(Scraped caption text data)
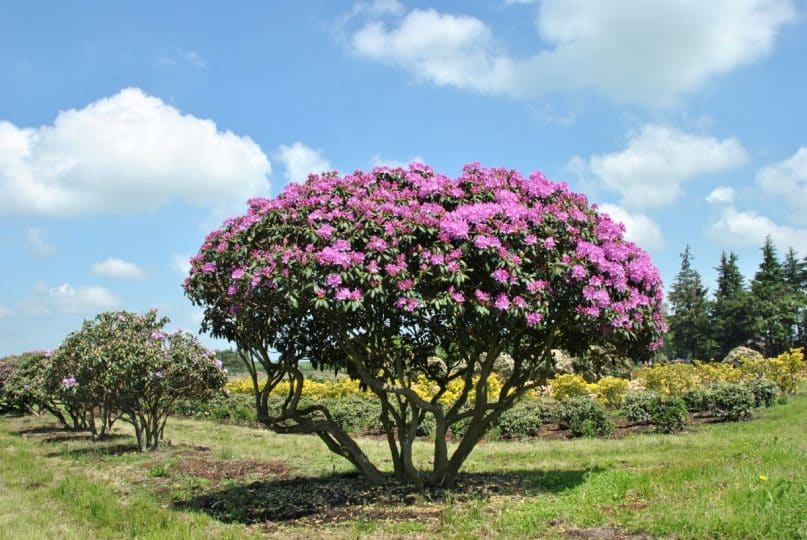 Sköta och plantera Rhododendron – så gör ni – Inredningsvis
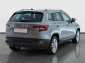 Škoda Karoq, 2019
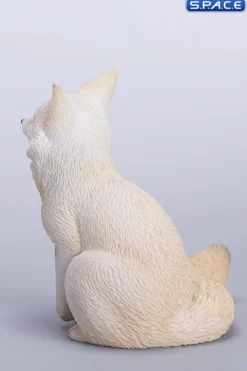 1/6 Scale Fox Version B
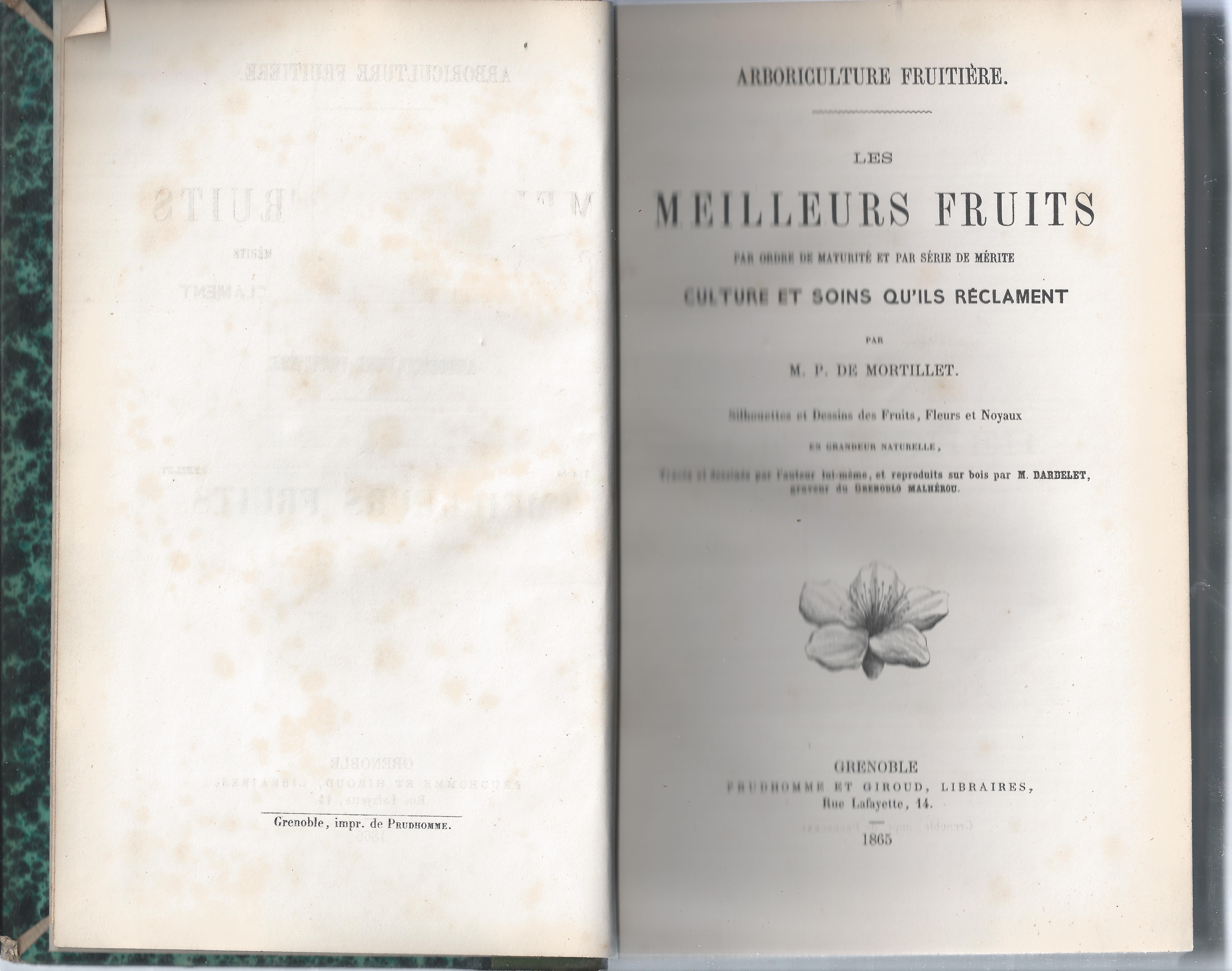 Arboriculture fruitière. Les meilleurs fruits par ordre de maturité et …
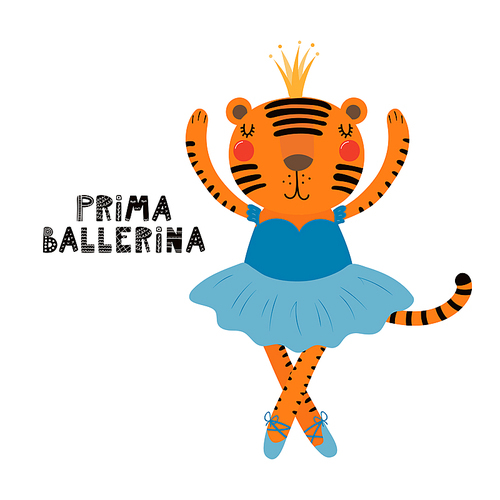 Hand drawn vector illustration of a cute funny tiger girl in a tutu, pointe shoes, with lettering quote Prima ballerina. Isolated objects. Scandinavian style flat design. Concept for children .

# Required action
Please repeat each record above precisely, with the pictures left out.

# Result below
 Sköta och plantera Rhododendron – så gör ni – Inredningsvis
 Škoda Karoq, 2019
 1/6 Scale Fox Version B
 Arboriculture fruitière. Les meilleurs fruits par ordre de maturité et …
 Hand drawn vector illustration of a cute funny tiger girl in a tutu, pointe shoes, with lettering quote Prima ballerina. Isolated objects. Scandinavian style flat design. Concept for children .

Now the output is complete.